When I toured the Boston Temple during an open house in late August, the building was still a work in progress. Carpeting wasn't down in every room; handrails were missing; some switch plates dangled, waiting for finishing touches. Mormon leader and local resident Grant Bennett said bulldozers had been at work the night before, preparing the ground for sod. Despite the contractor's incomplete checklist, though, I could see what the temple would be like when it was finished. My overall impression was of a place both intimate and huge.

The 70,000-square-foot structure of white Sardinian marble on a hill overlooking Boston is certainly substantial. (The addition of a steeple--still embroiled in litigation--would add aesthetic grace to the exterior.) The intimacy of the temple was partly accomplished by designing the interior space with many small rooms.
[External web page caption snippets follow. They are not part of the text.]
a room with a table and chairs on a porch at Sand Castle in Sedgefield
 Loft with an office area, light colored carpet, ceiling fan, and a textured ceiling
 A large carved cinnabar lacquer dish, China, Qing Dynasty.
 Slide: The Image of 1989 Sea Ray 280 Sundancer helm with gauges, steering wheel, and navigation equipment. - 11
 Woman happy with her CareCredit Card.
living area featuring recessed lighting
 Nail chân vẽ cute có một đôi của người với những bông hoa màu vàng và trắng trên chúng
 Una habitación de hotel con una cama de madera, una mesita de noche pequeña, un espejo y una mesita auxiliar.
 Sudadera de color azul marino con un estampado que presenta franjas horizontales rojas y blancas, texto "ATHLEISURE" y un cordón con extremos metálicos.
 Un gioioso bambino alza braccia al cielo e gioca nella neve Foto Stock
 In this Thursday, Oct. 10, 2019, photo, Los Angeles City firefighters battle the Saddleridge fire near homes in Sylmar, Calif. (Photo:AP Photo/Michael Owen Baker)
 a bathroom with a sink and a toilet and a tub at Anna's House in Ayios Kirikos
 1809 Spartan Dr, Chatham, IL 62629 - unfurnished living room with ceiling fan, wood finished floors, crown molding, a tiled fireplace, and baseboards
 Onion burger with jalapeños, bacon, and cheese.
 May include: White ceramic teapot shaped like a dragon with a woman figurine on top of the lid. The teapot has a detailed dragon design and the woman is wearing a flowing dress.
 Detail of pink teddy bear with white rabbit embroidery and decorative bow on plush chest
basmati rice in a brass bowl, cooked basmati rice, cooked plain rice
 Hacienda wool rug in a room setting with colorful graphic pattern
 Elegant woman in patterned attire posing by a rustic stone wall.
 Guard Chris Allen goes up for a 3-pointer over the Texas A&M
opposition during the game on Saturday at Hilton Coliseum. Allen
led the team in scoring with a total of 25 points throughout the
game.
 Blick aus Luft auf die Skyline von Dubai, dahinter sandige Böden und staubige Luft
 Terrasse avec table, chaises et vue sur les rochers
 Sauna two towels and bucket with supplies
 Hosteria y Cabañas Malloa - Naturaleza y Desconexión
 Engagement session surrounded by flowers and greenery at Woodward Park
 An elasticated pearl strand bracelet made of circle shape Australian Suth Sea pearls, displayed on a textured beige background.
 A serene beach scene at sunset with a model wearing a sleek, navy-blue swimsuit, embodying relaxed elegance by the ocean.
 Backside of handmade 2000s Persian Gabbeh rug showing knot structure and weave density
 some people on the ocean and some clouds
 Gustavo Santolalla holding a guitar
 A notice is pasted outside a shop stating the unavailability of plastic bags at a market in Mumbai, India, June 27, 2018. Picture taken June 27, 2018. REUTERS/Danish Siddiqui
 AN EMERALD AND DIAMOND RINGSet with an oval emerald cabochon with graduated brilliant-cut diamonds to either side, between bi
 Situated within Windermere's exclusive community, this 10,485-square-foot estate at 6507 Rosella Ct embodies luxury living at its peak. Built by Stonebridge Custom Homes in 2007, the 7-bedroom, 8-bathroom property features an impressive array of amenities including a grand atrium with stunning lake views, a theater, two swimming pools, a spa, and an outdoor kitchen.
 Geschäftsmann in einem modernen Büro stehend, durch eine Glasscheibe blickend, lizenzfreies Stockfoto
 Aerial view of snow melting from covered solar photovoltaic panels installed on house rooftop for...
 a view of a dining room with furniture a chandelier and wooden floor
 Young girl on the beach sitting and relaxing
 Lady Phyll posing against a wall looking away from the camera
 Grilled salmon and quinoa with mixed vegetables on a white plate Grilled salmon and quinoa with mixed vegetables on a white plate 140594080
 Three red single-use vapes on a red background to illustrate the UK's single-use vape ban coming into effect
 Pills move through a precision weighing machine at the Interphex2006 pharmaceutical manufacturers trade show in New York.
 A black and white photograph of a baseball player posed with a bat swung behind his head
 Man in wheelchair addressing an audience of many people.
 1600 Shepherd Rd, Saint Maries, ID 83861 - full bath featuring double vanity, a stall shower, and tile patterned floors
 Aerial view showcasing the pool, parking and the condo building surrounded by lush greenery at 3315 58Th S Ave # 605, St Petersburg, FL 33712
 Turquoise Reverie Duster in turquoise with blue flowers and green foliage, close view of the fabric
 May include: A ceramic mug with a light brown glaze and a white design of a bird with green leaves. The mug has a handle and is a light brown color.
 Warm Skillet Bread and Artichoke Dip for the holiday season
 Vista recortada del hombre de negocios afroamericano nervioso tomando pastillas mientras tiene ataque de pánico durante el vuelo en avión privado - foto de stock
These are tastefully appointed in light fabrics and predominantly blond wood. Each room is luminous, infused with light from a combination of sunlight streaming through pale stained glass and expert electrical technology.

As the 100th Mormon temple to be dedicated, the Boston Temple fulfills church President Gordon B. Hinckley's dream of having 100 temples by the year 2000. Located in suburban Belmont, Mass., the temple--like the 99 others worldwide--is not a meetinghouse for Sunday worship services or weekday auxiliary meetings. Mormon temples are designated for the faith's most sacred ordinances. These ceremonies turn human attention heavenward and link families together "for time and all eternity."

For Latter-day Saints in New England (there are 60,000), having this local refuge will be a coming full circle from the church's beginnings. Mormon founder Joseph Smith and his successor, Brigham Young, were both born in Vermont, and Mormons first preached in Boston in 1832, just two years after the founding of the church. Many contemporary Mormon leaders have genealogical ties to the area. Even President Gordon B. Hinckley's ancestor Thomas Hinckley was governor of Plymouth Colony from 1681 to 1692.

When the Mormons trekked west in the mid-19th century, the church presence in New England was still minimal. But in the 20th century and onward into this new one, the church in the Boston area has grown into a complicated mix. There are hard-working immigrant families (currently missionaries teach in English, Haitian, Cambodian, Portuguese, and Spanish); inner-city units with high unemployment and low literacy; university students and professors; native Yankees with their celebrated know-how; temporary Western implants (who sometimes think only they have adequate church "know-how," much to the exasperation of the locals) ... and more.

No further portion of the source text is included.